Just in case you aren’t, here’s a list of the proportion of runs (out of 1) that have ended by the time they reach particular yardages:

pre:
Yards	proportion dead
-3	0.0314 
-2	0.0579 
-1	0.1015 
0	0.1953
1	0.3159 
2	0.4486 
3	0.5749 
4	0.6755 
5	0.7501  
6	0.8030 
7	0.8420  
8	0.8704  
9	0.8975 
10	0.9106  
11	0.9264 
12	0.9376 
13	0.9470 
14	0.9545 
15	0.9607
That covers all runs but the lowest and highest 5%.

Now, I’ve given a lot of bad news here so far. One in five runs don’t make it past the line of scrimmage. The most likely outcome is just 2 yards. Half of all runs end by 3 yards. And your odds of making it even 10 yards is 10:1 against.

But there’s some great news hidden inside that long right tail. Let’s say your running back gets the ball, breaks a tackle, and makes it to five yards. How much further, on average, might you expect him to go? Finding this expected value is actually pretty easy. We just look at all the runs that traveled at least five (or whatever) yards, and calculate how far they ended up going before being stopped. The “Yards Left”, if you will.



If we look at five yards, you’ll find something pretty heartening: running backs that go at least five yards end up, on average, going for at least another five before going down. And that rate just keeps getting better the further the running back gets into the open field.


“Yeah, but take a look at where you actually start a run, a few yards behind the line of scrimmage. The opposite is true. Every step you take is, on average, a step closer to being tackled.”


Yeah, ok, that’s also true. Take a look at -5 yards. You’ll see that here behind the line of scrimmage, your expected yards remaining is about 9.1 yards. Which, surprise surprise, means that you’ll end up somewhere around… 4.1 yards, or the mean yardage on a rushing attempt. But if you break through the defensive line, things are looking good.


“Basically, you’re seeing in this graph the three major stages of a run: the yards that are blocked, the yards that are contested, and the open field.”


It’s the job of the offensive line try to help more runs go for more yards. In essence, pushing the [url= http://i.imgur.com/1aAoFEZ.png]cumulative density curve[/url] further to the right.

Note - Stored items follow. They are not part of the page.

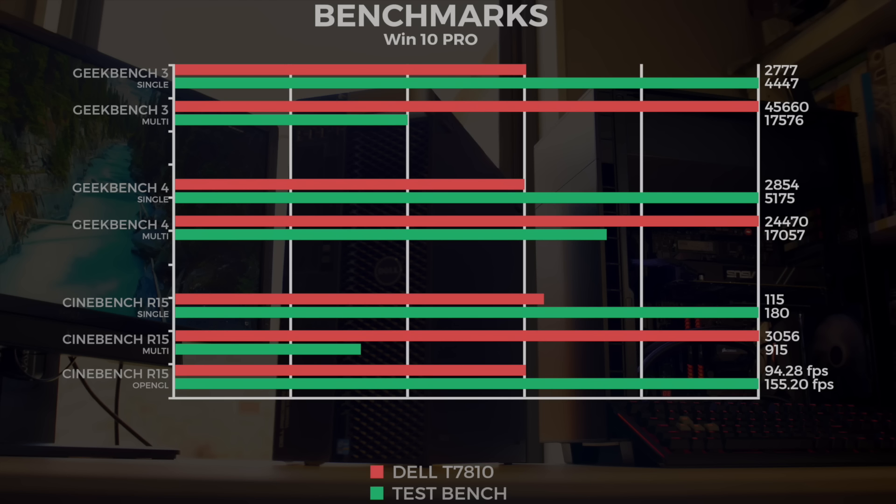Cinebench R15: we ran single-core, multi-core, and OpenGL. Single-core: the 6700K scored 180 and the Dell Precision 115. Multi-core: the Dell Precision scored 3050 and the 6700K 900. The OpenGL test is interesting — OpenGL is directly tied to single-core performance. Even though both machines had a GTX 1080, the Dell Precision lagged at 94 frames while the test bench achieved 155 frames.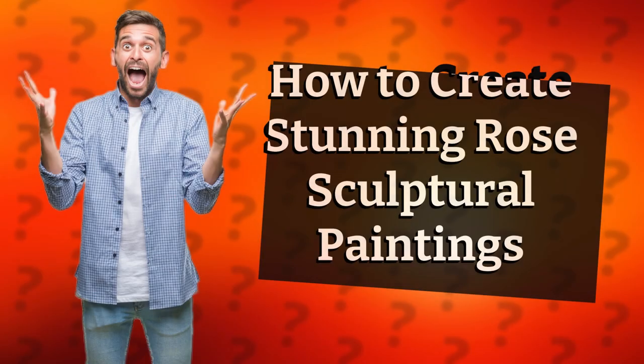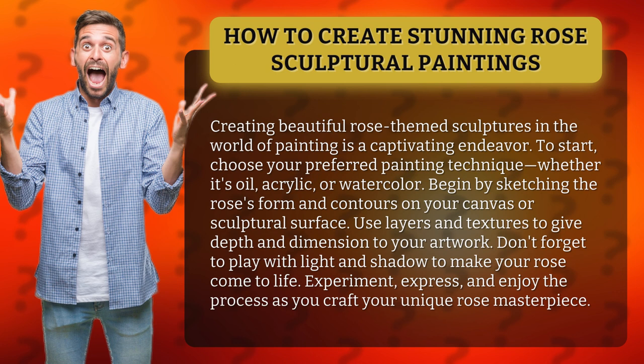How to Create Stunning Rose Sculptural Paintings. Creating beautiful rose-themed sculptures in the world of painting is a captivating endeavor. To start, choose your preferred painting technique, whether it's oil, acrylic, or watercolor.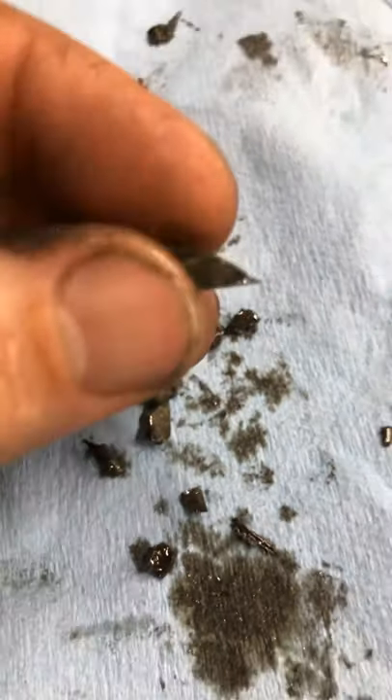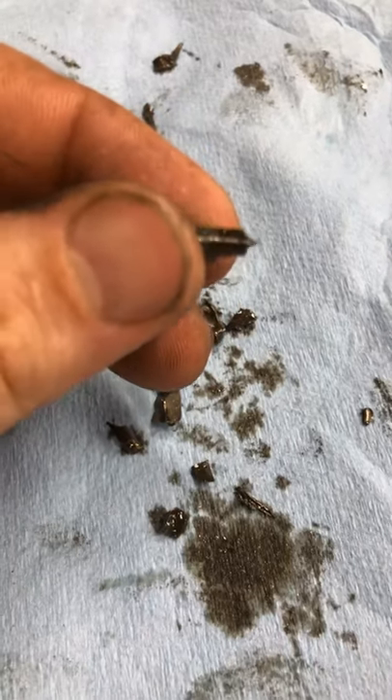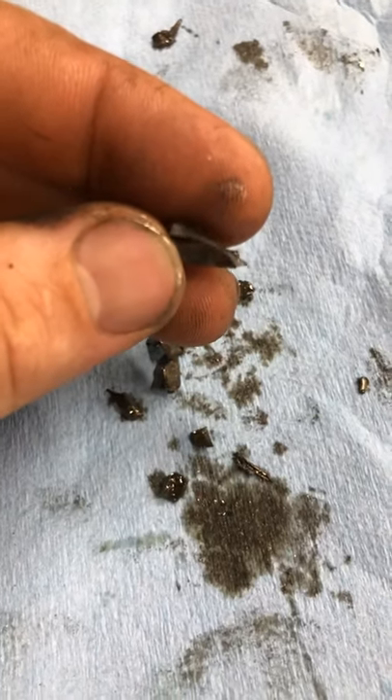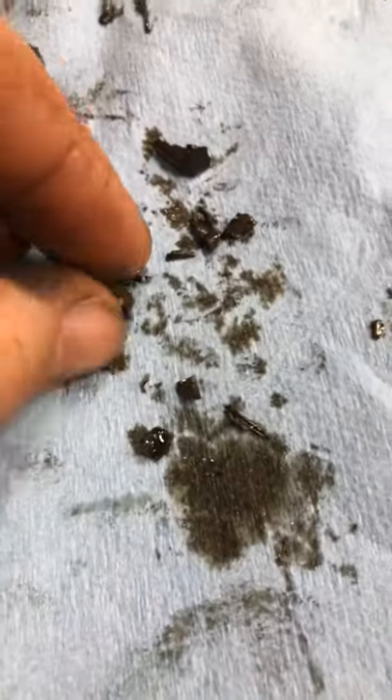This is from the Miata in our earlier video — differentials shot. We drained out the fluid and you can see pieces of the ring gear, maybe even the pinion gear. We won't know until we get in and open it up, but definitely no doubt about what happened in there.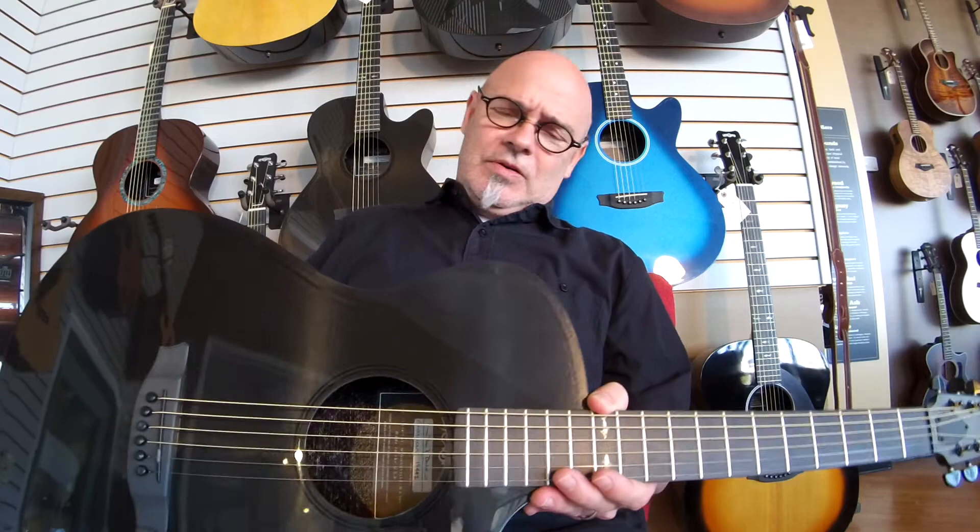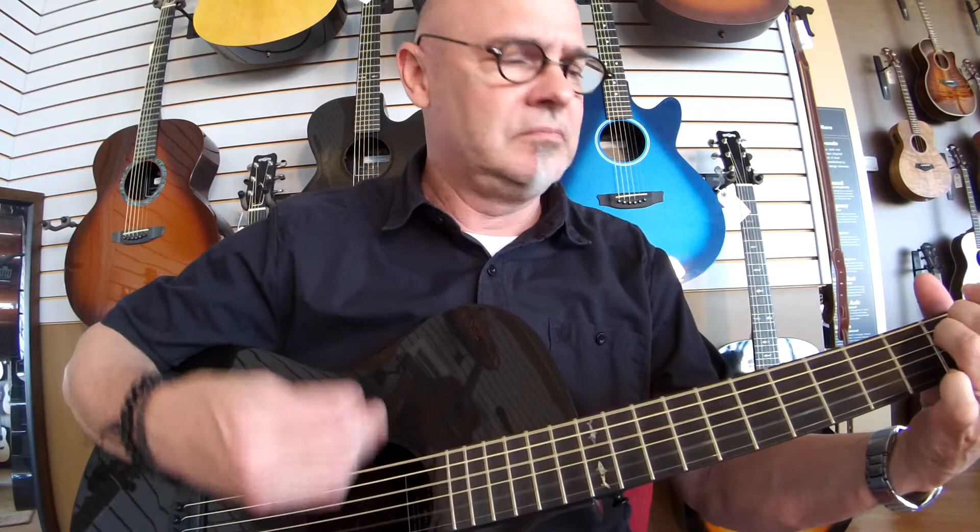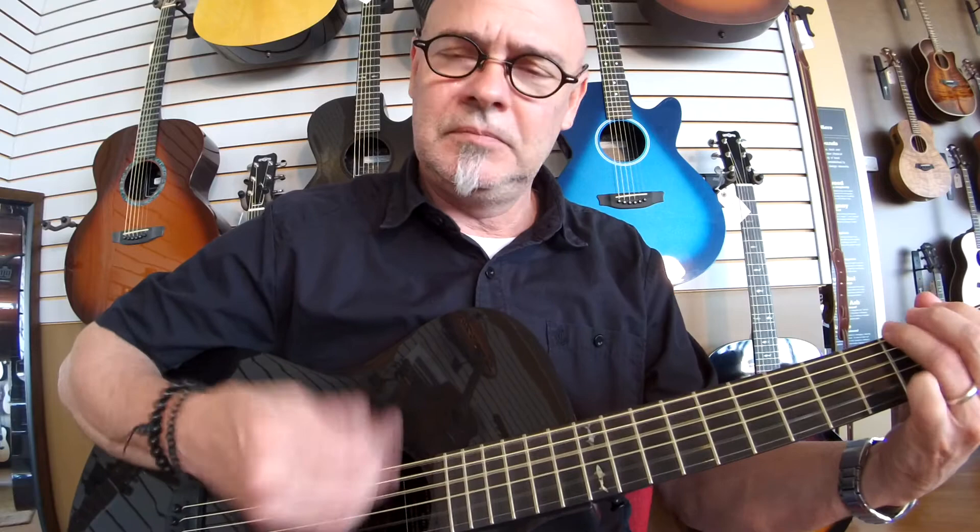I meant to grab a pick, sorry, just so you can hear it with a pick. Same thing that I was playing earlier. And the key on these guitars is the sustain. That's pretty impressive.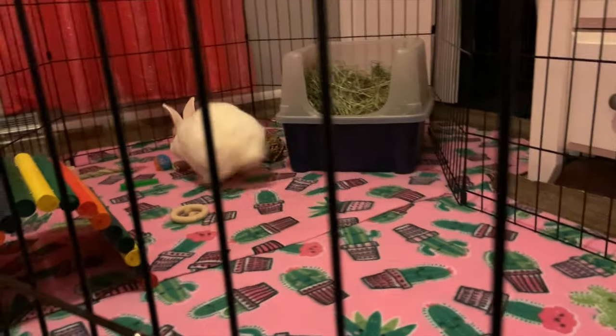Hey guys, I hope you're having a great day and I hope you're excited for today's video. In today's video I'm going to be updating Snowflake's enclosure. Snowflake is my foster bun and she is an albino bunny.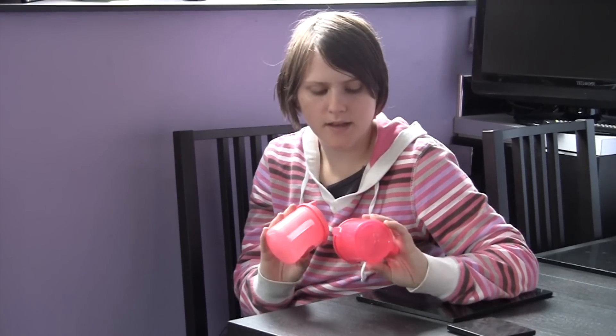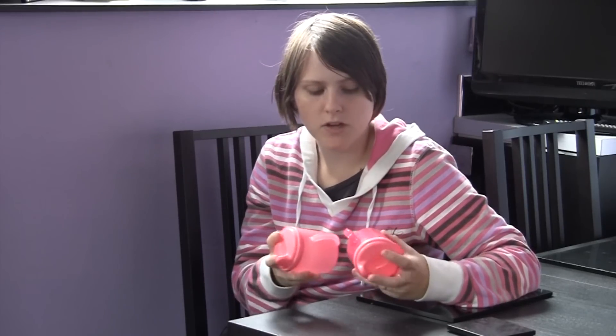These are the tiny Tommee Tippee drink cups. They're hard to spill. They're very good.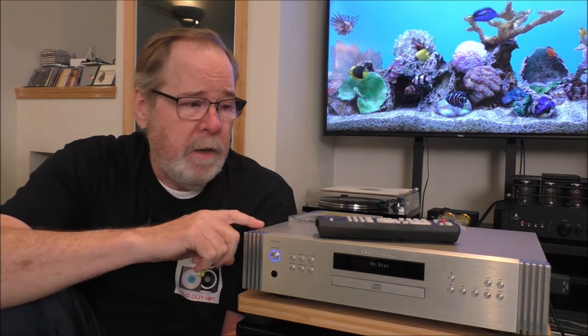Hey everybody, Ed Holmwood, Old Guy Hi-Fi Channel. Hope everyone's doing well today. Today we're going to take a look at the Rotel DT6000 CD player slash DAC. It's going to get ugly. Sit back, relax, and make sure nothing splashes on you.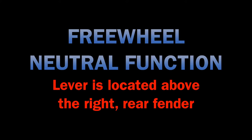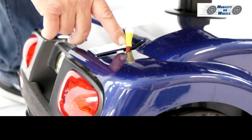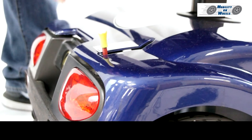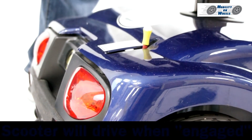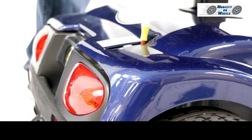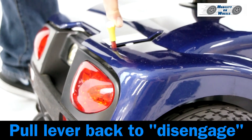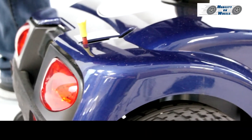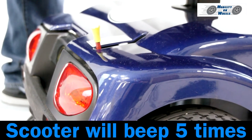Freewheel — neutral function. The lever is located above the right rear fender: the yellow gear lever. There are two settings: engage and disengage. Push the lever forward to engage. The scooter will drive in the engaged position and will beep when driving in reverse. Pull the lever back to disengage; you can then move the scooter manually. When the scooter is disengaged, it will not drive — if you turn the key on, the scooter will beep five times.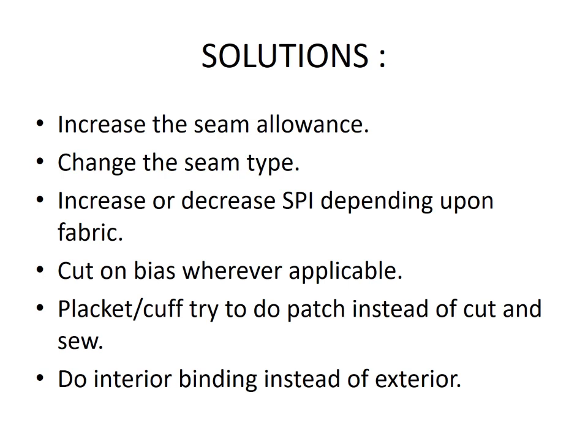For plackets and cuffs, try to do patch instead of cut and sew. Do interior binding instead of exterior.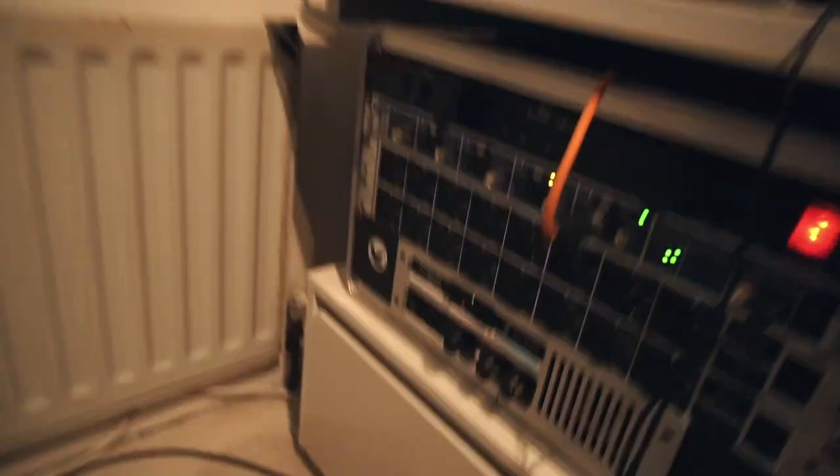Sort of complicated, but sort of straightforward, which is done with my Torpedo Reload.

In this “yards left” graph above, there’s almost a straight line on the left all the way up to about -2 or so yards, meaning that each step is bringing you closer to the actual “danger zone” where you are at risk of being tackled, but the blocking by the line ahead of you generally allows you to travel some “free” yards in the backfield from where you got the ball.


After that point, the defensive line kicks in. It’s their job to stop as many runs for as short of a gain as possible, pushing the cumulative density curve to the left.


“That’s cute that you think that.”


Ok, usually their job. Anyways, as we saw from the previous figures, most runs are stopped in this region, between 0-5 yards, depending the relative maneuvering of the offensive line and the defensive line. A solid running back is one that finds the blocked yards and falls forward every time without coughing up the ball.


“Pretty much”


But working through that battlezone has a payoff. Each step past the D-Line improves your chances of longer and longer runs. We still have the problem of the skewed distribution and the long right tail when we look at averages, but the same pattern shows up if you look at median yards left.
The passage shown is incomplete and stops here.